How can I profile the Backward pass of model?

Navdeep_Kumar · April 11, 2020, 11:51am

I need to profile the backward pass of a model running on a GPU. I need to see how much time each layer’s gradient computation took along with achived TFLOPs during the operation. The problem is, If I use a profiler such as nsight systems then I cannot simply differentiate which kernel ran for which layer just because I cannot annotate the backward pass using nvtx. Is there some way in which the backward pass can be profiled.

ptrblck · April 12, 2020, 6:49am

autograd.profiler should give your the runtime for the backward functions. If you spot a bottleneck, you could run nsight systems in isolation on this particular backward call.

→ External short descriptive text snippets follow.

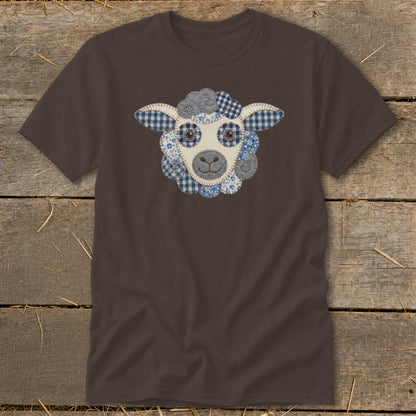 Brown t-shirt with a patched fabric sheep face graphic.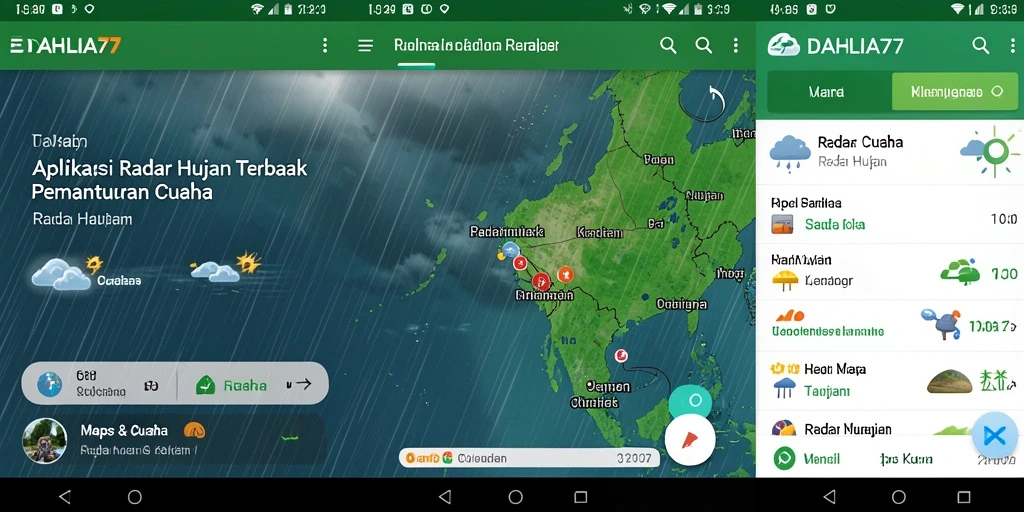 Antarmuka utama DAHLIA77 menampilkan peta cuaca dengan radar hujan.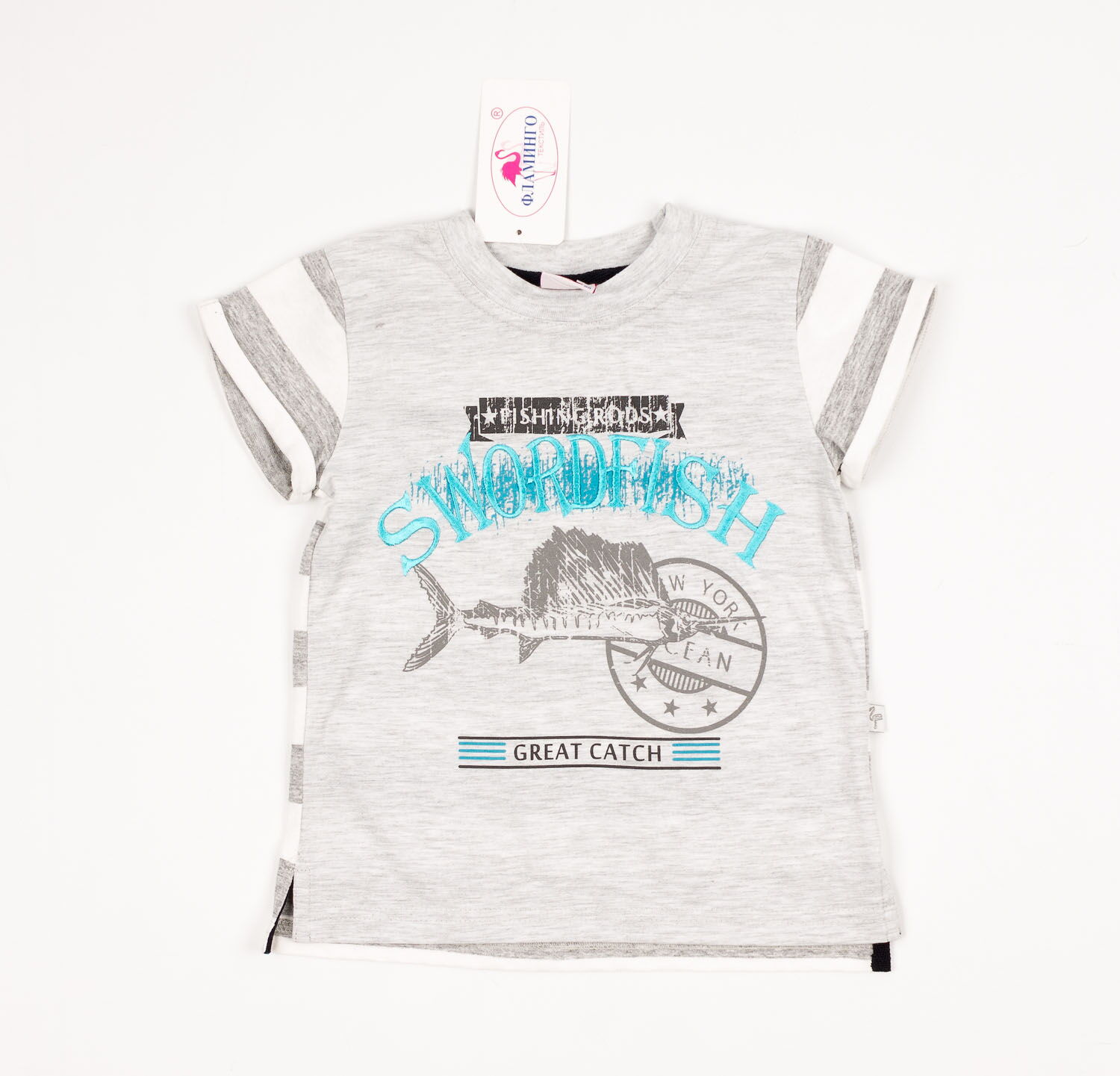 Комплект для мальчика (футболка+шорты) Фламинго голубой 905-110 - фото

torch_fresh · June 15, 2020, 3:47pm

Hi, I have a same issue for profiling backward pass of each layer. Can you give me some hints for solving this problem? Thanks for any code or suggestion.

ptrblck · June 16, 2020, 6:57am

If you just want to profile the backward layer and get the current runtime, this code snippet might be helpful:

def profile(module, input):
    # Warmup
    for _ in range(50):
        output = module(input)

    g0 = torch.rand_like(output)
    for _ in range(50):
        output = module(input)
        output.backward(g0)


    nb_iters = 100
    torch.cuda.synchronize()
    start = time.time()
    for _ in range(nb_iters):
        output = module(input)
    torch.cuda.synchronize()
    end = time.time()
    fwd_time = (end - start) / nb_iters

    # Profile backward pass
    torch.cuda.synchronize()
    start = time.time()
    for _ in range(nb_iters):
        output = module(input)
        module.weight.grad = None
        output.backward(g0)

    torch.cuda.synchronize()
    end = time.time()
    all_time = (end - start) / nb_iters
    bwd_time = all_time - fwd_time